Will the answer be different if we change the seed for the model?

## Question 5

We can extract feature importance information from tree-based models. 

At each step of the decision tree learning algorith, it finds the best split. 
When doint it, we can calculate "gain" - the reduction in impurity before and after the split. 
This gain is quite useful in understanding what are the imporatant features 
for tree-based models.

In Scikit-Learn, tree-based models contain this information in the `feature_importances_` field. 

For this homework question, we'll find the most important feature:

* Train the model with these parametes:
    * `n_estimators=10`,
    * `max_depth=20`,
    * `random_state=1`,
    * `n_jobs=-1` (optional)
* Get the feature importance information from this model

What's the most important feature? 

* `neighbourhood_group=Manhattan`
* `room_type=Entire home/apt`	
* `longitude`
* `latitude`

## Question 6

Now let's train an XGBoost model!

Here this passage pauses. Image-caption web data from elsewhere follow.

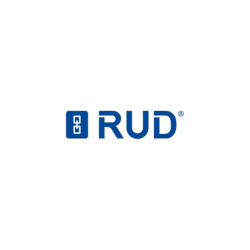 Logo société rud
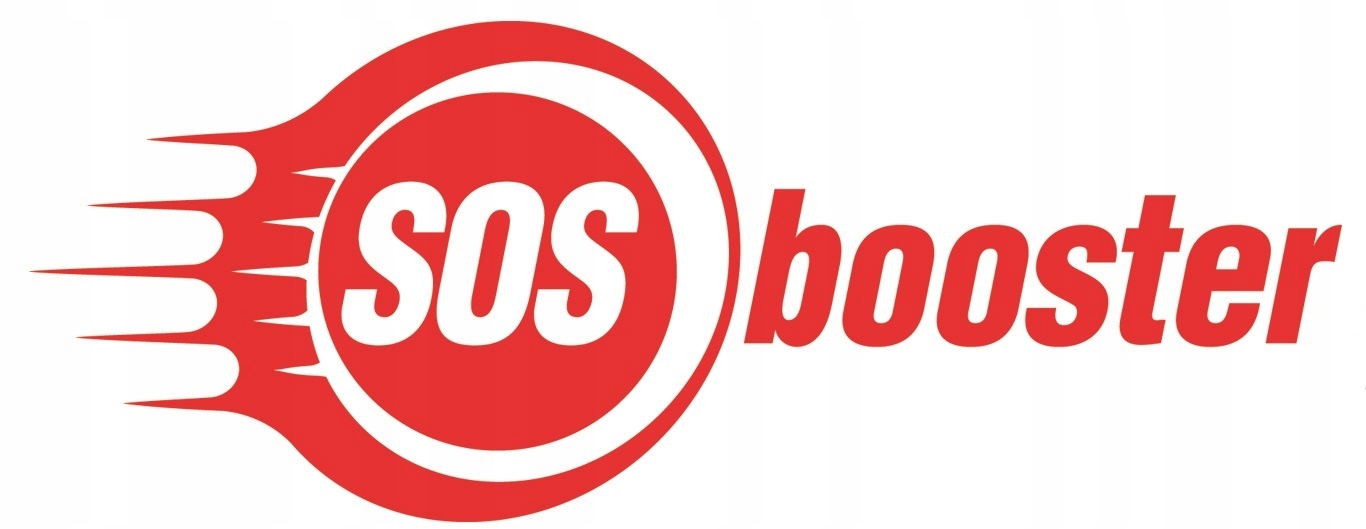 SOS Booster MOBILE 12/24V-3200/1600CA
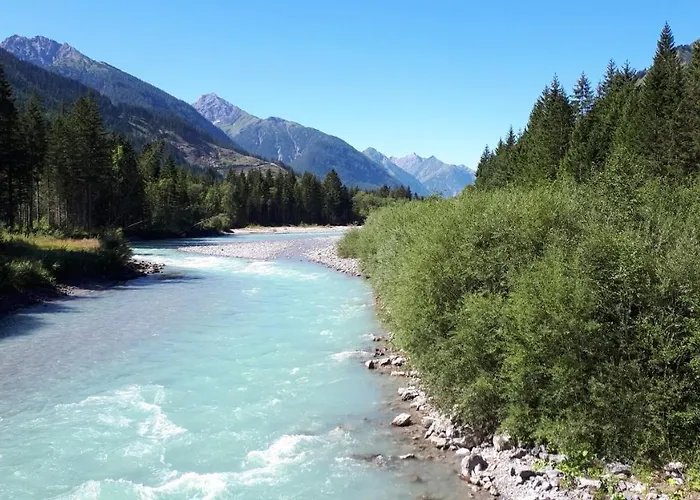 Casa de Férias Monika Gutschau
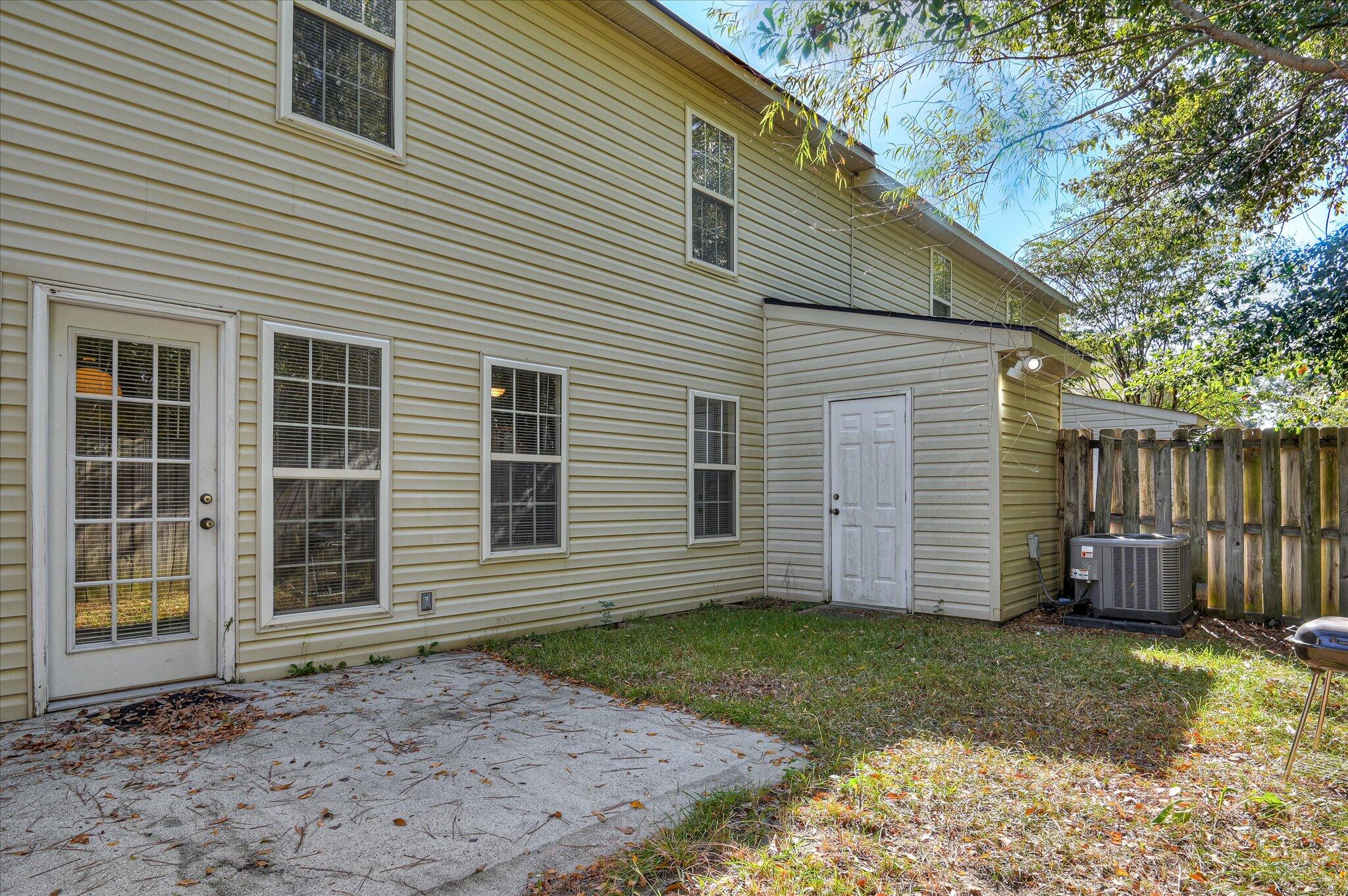304 Hornhead Drive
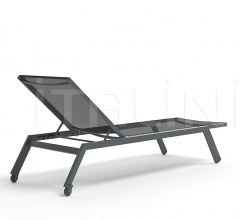 Шезлонг Maxim Chaise Longue Шезлонг Maxim Chaise Longue фабрика Atmosphera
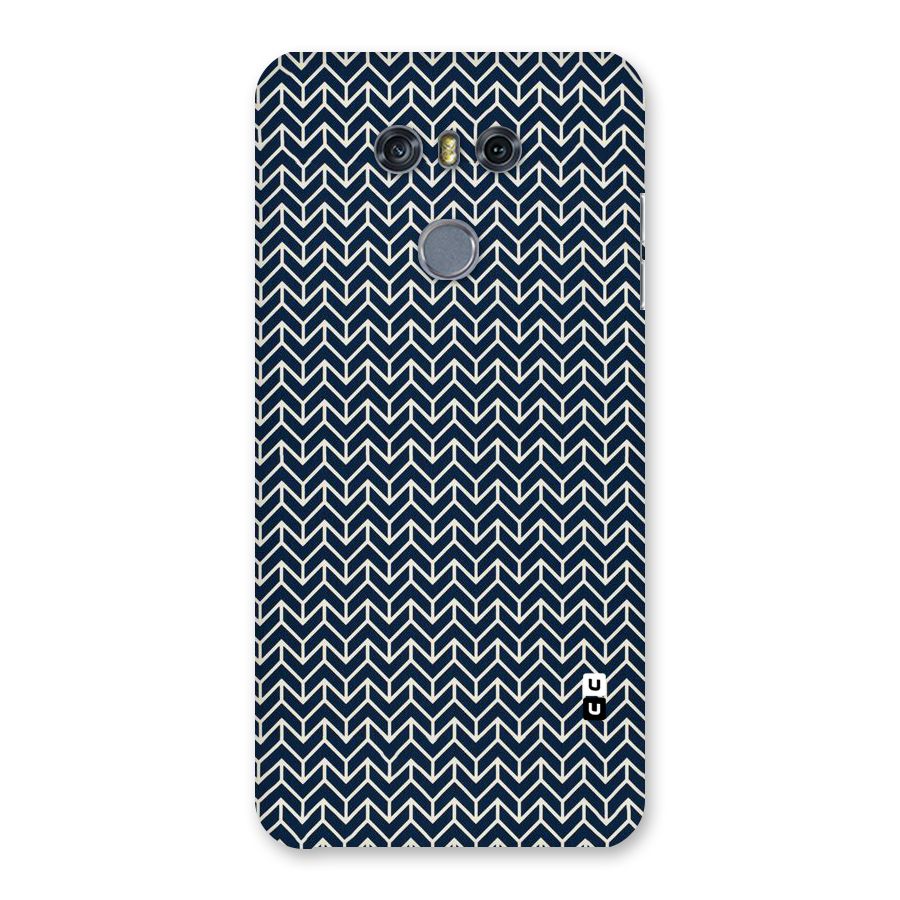 Elite Design Back Case for LG G6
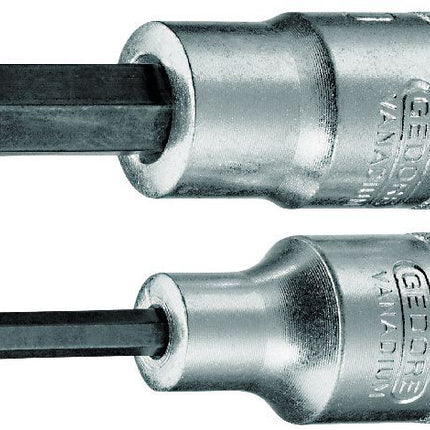 GEDORE socket IN 19 (AF) 1/2 ″ hexagon socket ( 4000770452 )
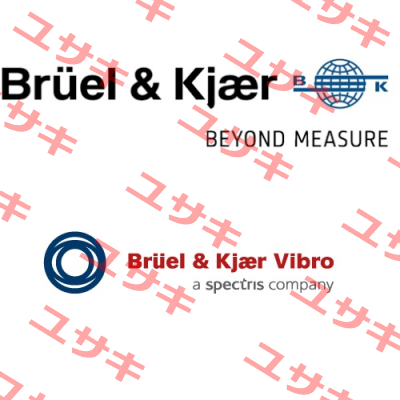 VS100  Bruel-Kjaer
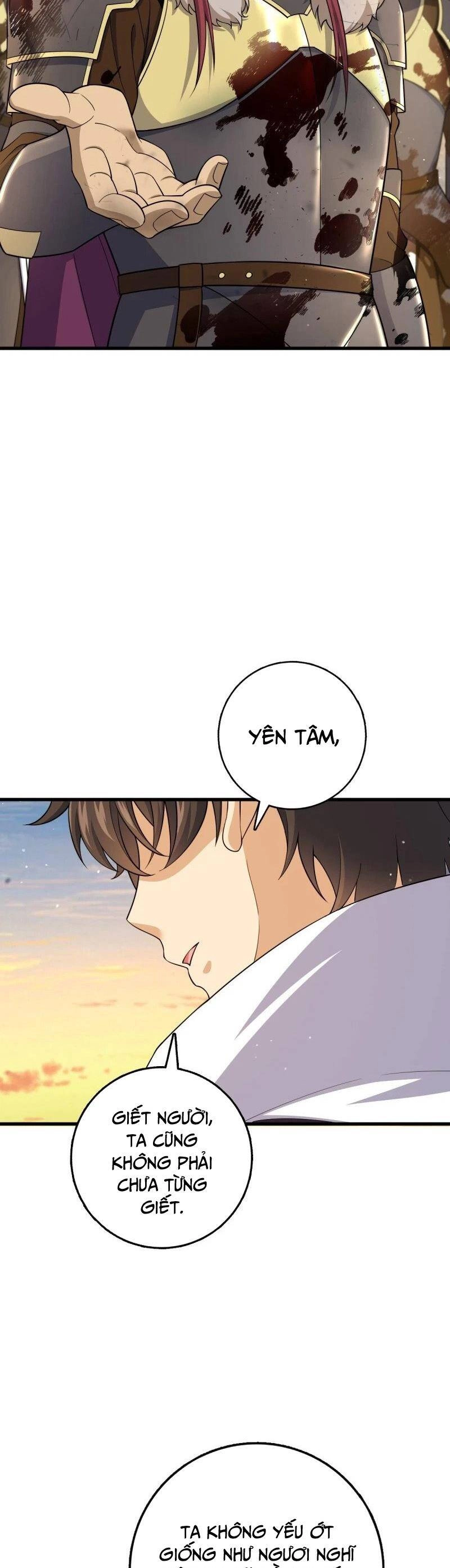 Đại Vương Tha Mạng Chapter 786 - 7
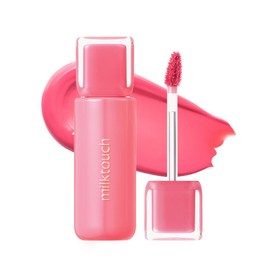 Milk Touch Milk Touch Jelly Fit Tinted Glow Tint 03 Cool Time berry Korean Cosmetics Luster High Color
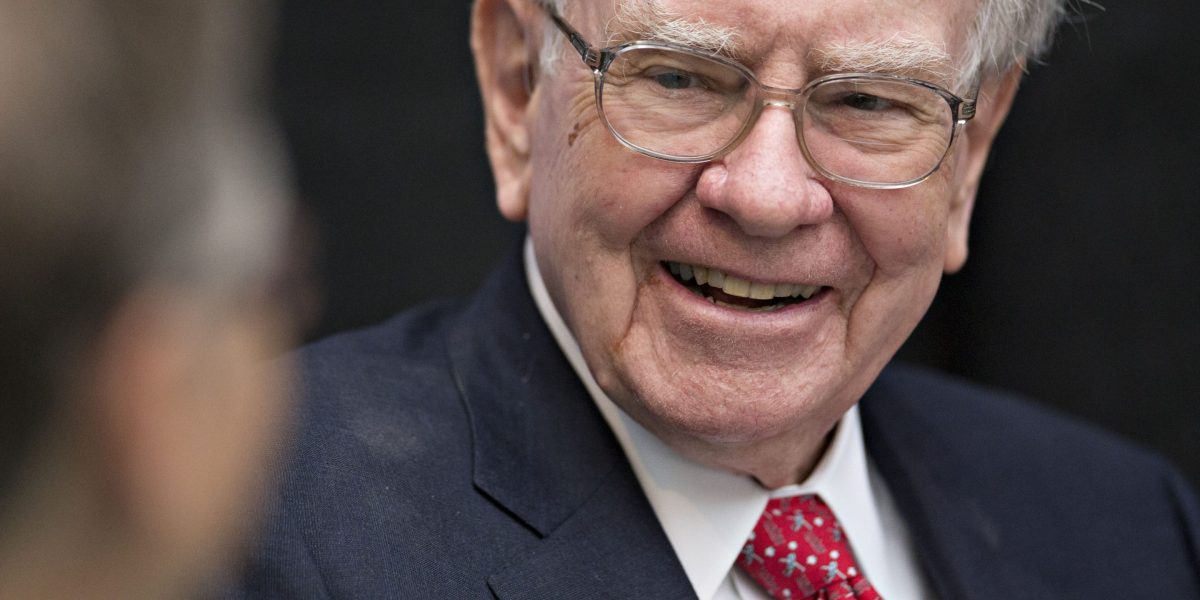 Not many investors follow Warren Buffett’s investment approach because most people prefer quick wealth, says the retiring CEO of Berkshire Hathaway.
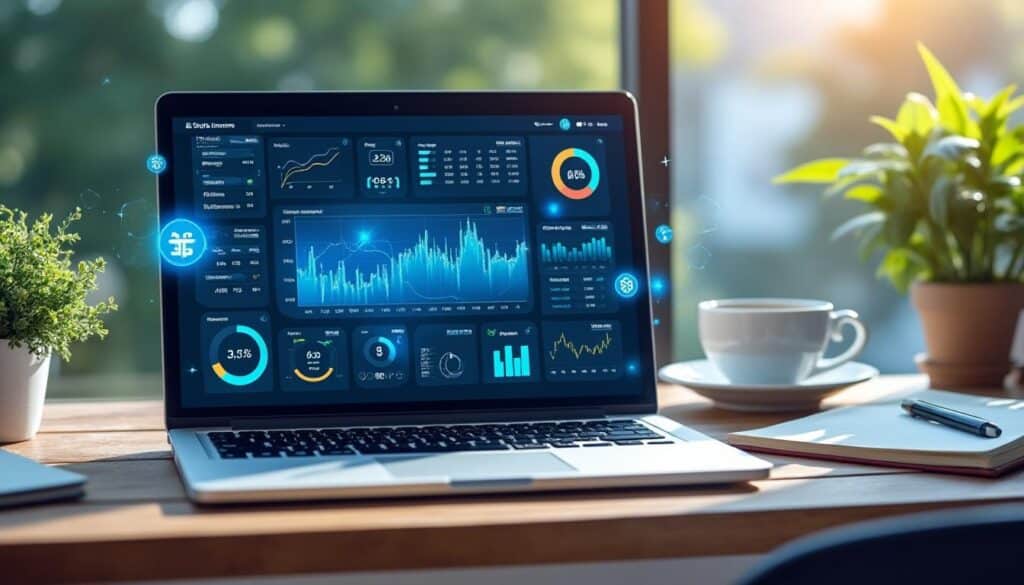 découvrez comment optimiser la gestion comptable de votre activité freelance grâce à un compte professionnel en ligne, sans passer par une banque traditionnelle. simplifiez vos finances et gagnez en efficacité.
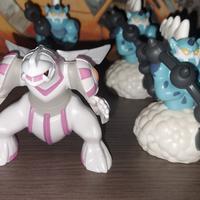SORPRESE HAPPY MEAL MCDONALD'S DEI POKEMON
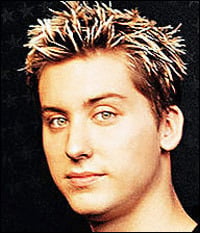 Frosted Tips
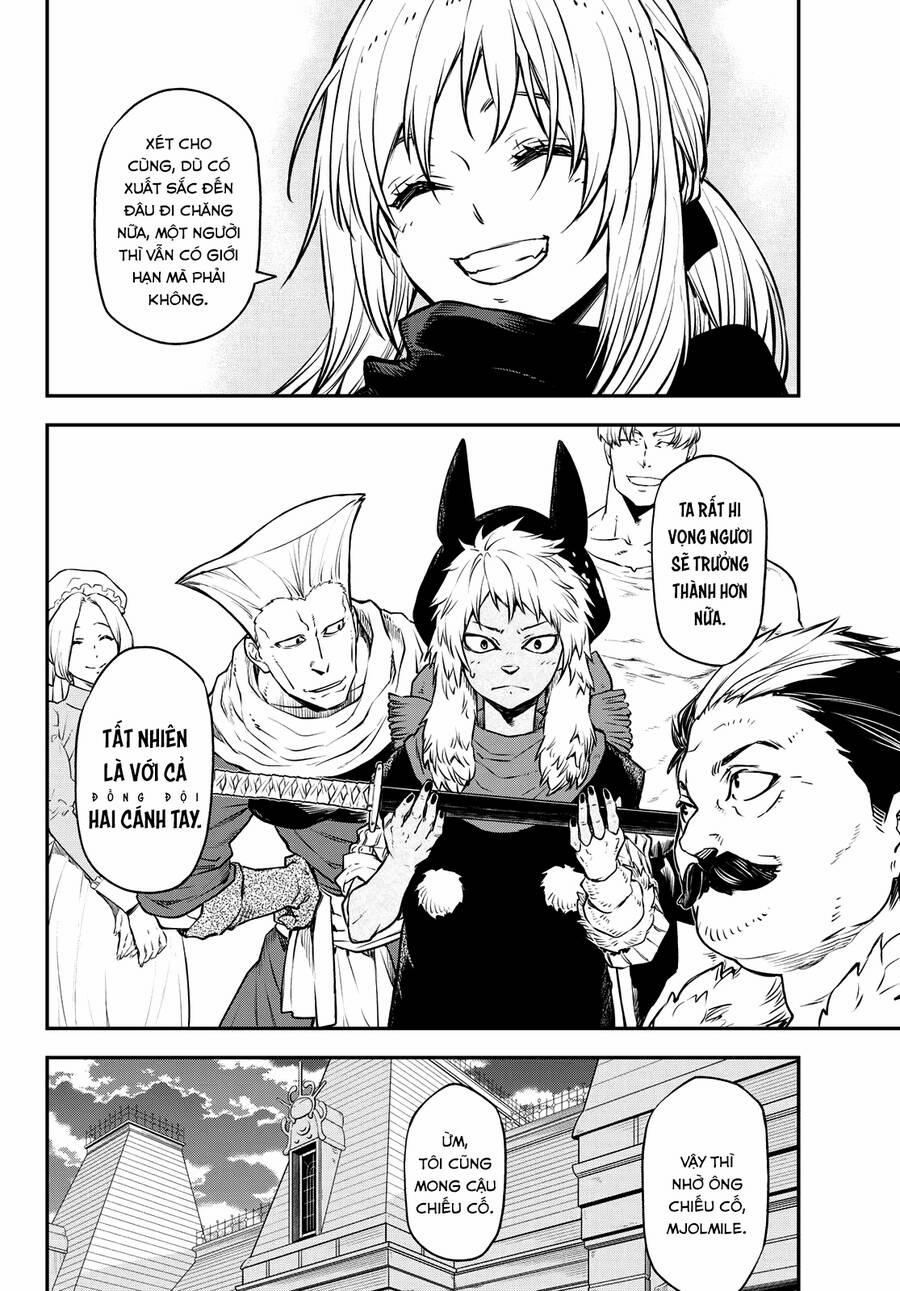 Dạo Quanh Ma Quốc 105 trang 36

For this question, we'll tune the `eta` parameter

* Install XGBoost
* Create DMatrix for train and validation
* Create a watchlist
* Train a model with these parameters for 100 rounds:

```
xgb_params = {
    'eta': 0.3, 
    'max_depth': 6,
    'min_child_weight': 1,
    
    'objective': 'reg:squarederror',
    'nthread': 8,
    
    'seed': 1,
    'verbosity': 1,
}
```

Now change `eta` first to `0.1` and then to `0.01`

Which eta leads to the best RMSE score on the validation dataset?

* 0.3
* 0.1
* 0.01

## Submit the results


Submit your results here: https://forms.gle/wQgFkYE6CtdDed4w8

It's possible that your answers won't match exactly. If it's the case, select the closest one.


## Deadline


The deadline for submitting is 20 October 2021, 17:00 CET (Wednesday). After that, the form will be closed.